Calculate Brillouin diagram for a periodic potential¶
The dispersion relation links the wavelength of a particle to its frequency (or energy). This concept is particularly useful when examining the electrical properties of crystalline solid-state materials. In these materials, the periodic potential allows wave propagation for most energy levels. However, certain energy levels are prohibited, leading to energy gaps where no states are allowed states exist. These gaps are referred to as bandgaps. The arrangement of allowed and forbidden energy ranges, known as the band structure, determines wether a material behaves as an insulator), metal, or semiconductor. Consequently, the study of quantum states in periodic potentials is of great importance and has been extensively researched for many materials.
In this tutorial, we will calculate the dispersion relation for a one-dimensional potential. We begin by considering the free electron, introduce the concept of the Brillouin zone, and then explore how periodic potentials modify the energy levels and quantum states.
Before proceeding, please ensure you have read the tutorial on bloch functions, as they form the foundation for understanding this tutorial.
The free particle¶
Let's start with a simple example.
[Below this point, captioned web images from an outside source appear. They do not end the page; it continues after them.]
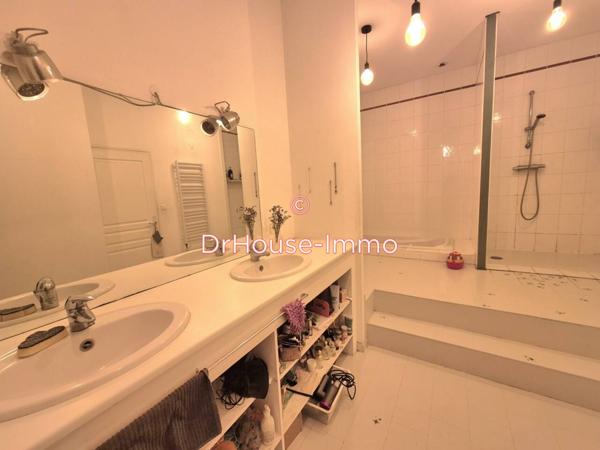 Immeuble à vendre 11 pièces de 360 m²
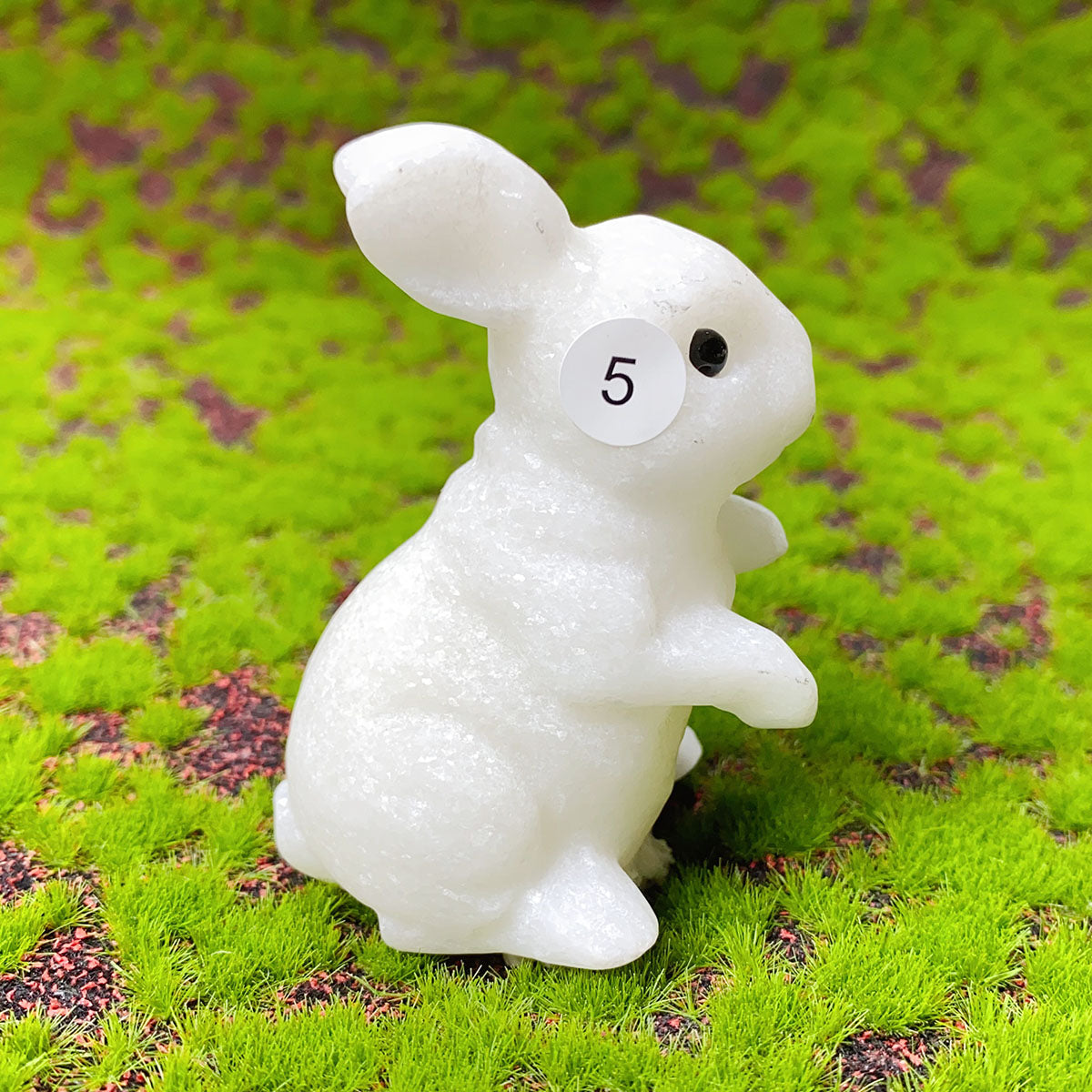 Natural  Crystal Raw Stones White Jade  Carved Snowman Christmas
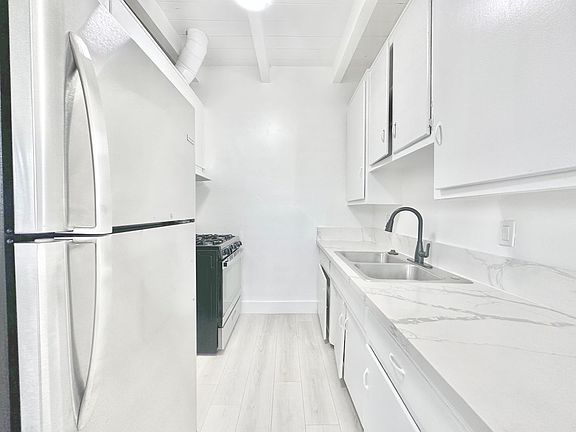 5th image of 3324 Drew St APT 10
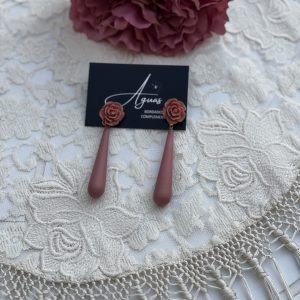 Pendientes flor y lágrima color maquillaje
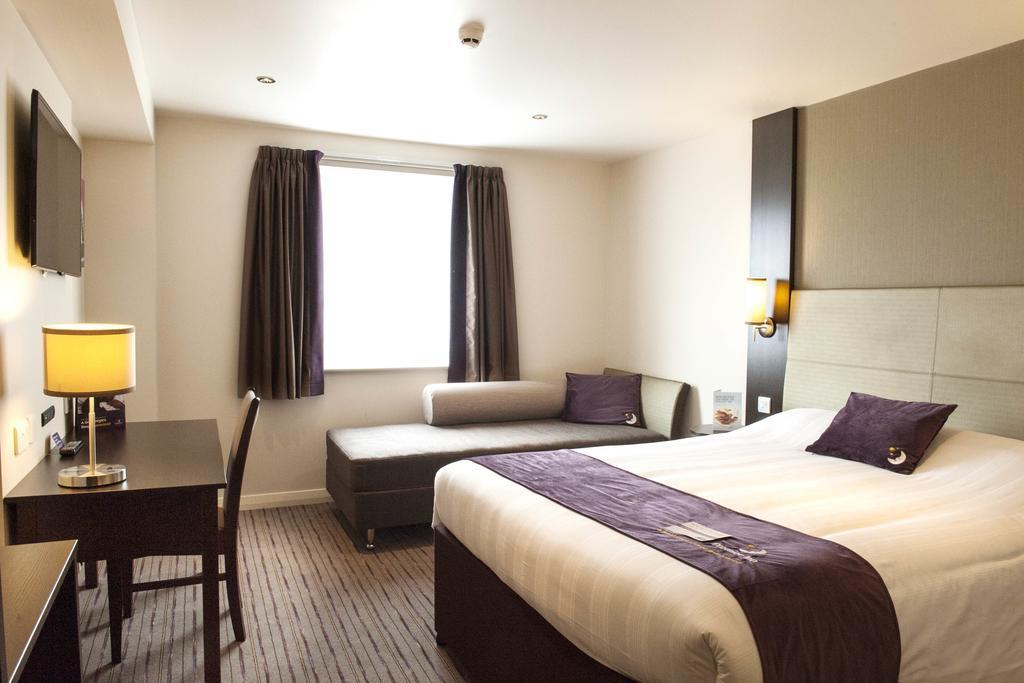 Premier Inn Aberdeen Airport - דייס חדר תמונה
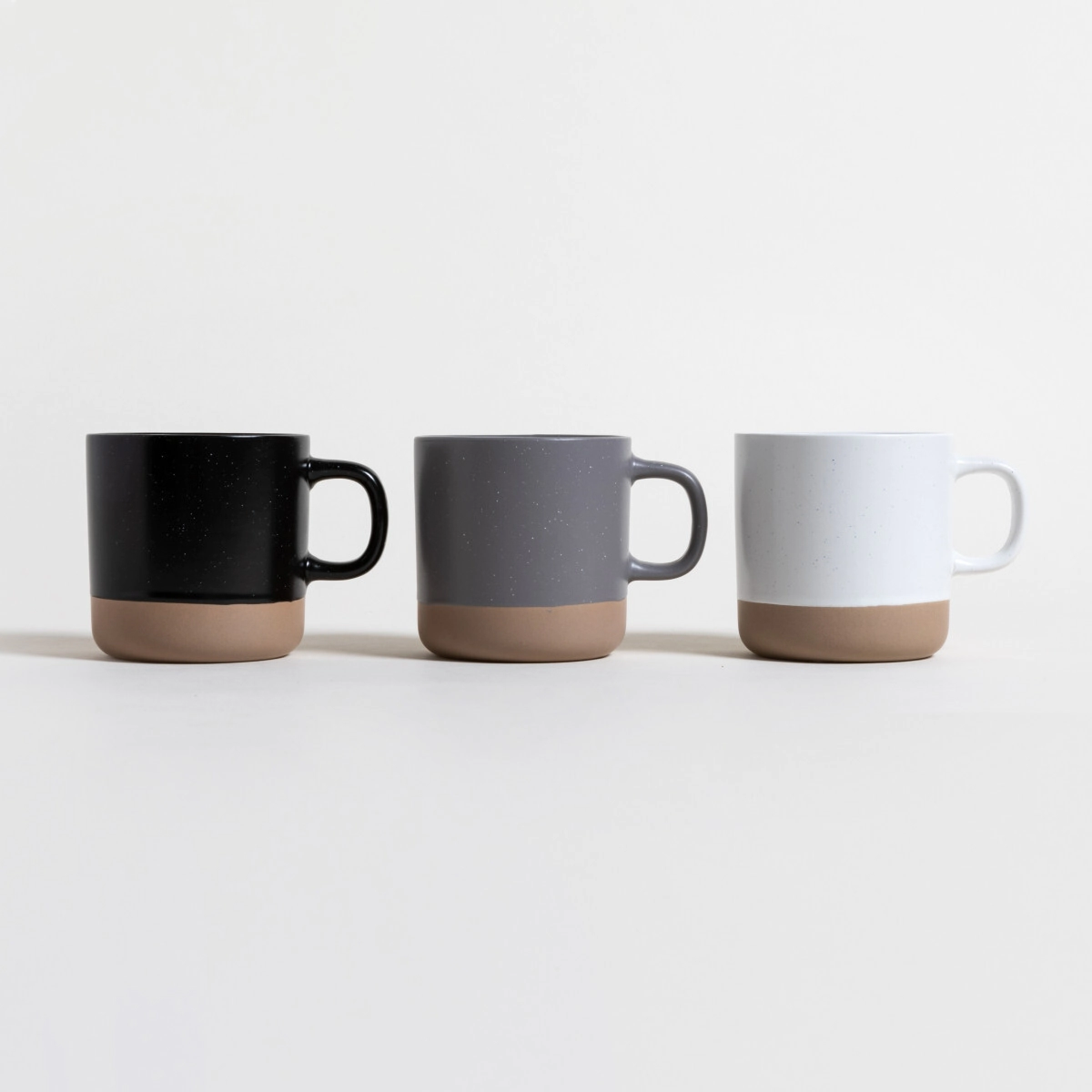 JARRO MUG 368 CC RECTO NEGRO BASE BEIGE SATINADO
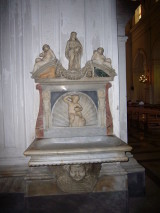 scultura alla base di un pilastro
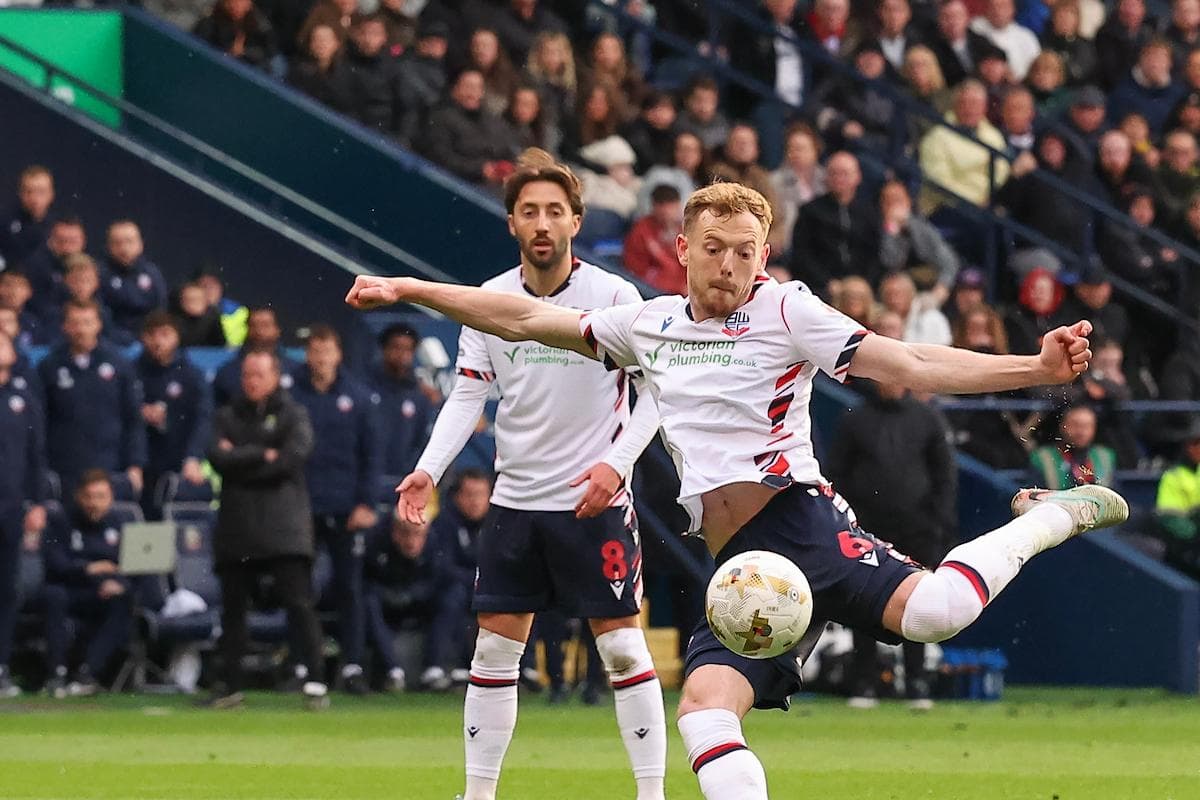 Jugador de Bolton chutando el balón en un partido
We calculate the dispersion relation for a free electron:
import sigspace as sg
import numpy as np
La = 3 # Width of solution space
k_list = np.linspace(0, 5, 200)
E_list = np.array([])
for k in k_list:
H = sg.Hamiltonian(sdims=1)
solver = sg.Solver(H)
solver.nodes.add(sg.BlochNode(k=k))
solver.grid(0, La, 100)
sol = solver.run()
E_list = np.append(E_list, sol.energy.real)
sg.quickplot((k_list, E_list), layout={"xlabel": "Wave number [1/a0]", "ylabel": "Energy [Ha]"})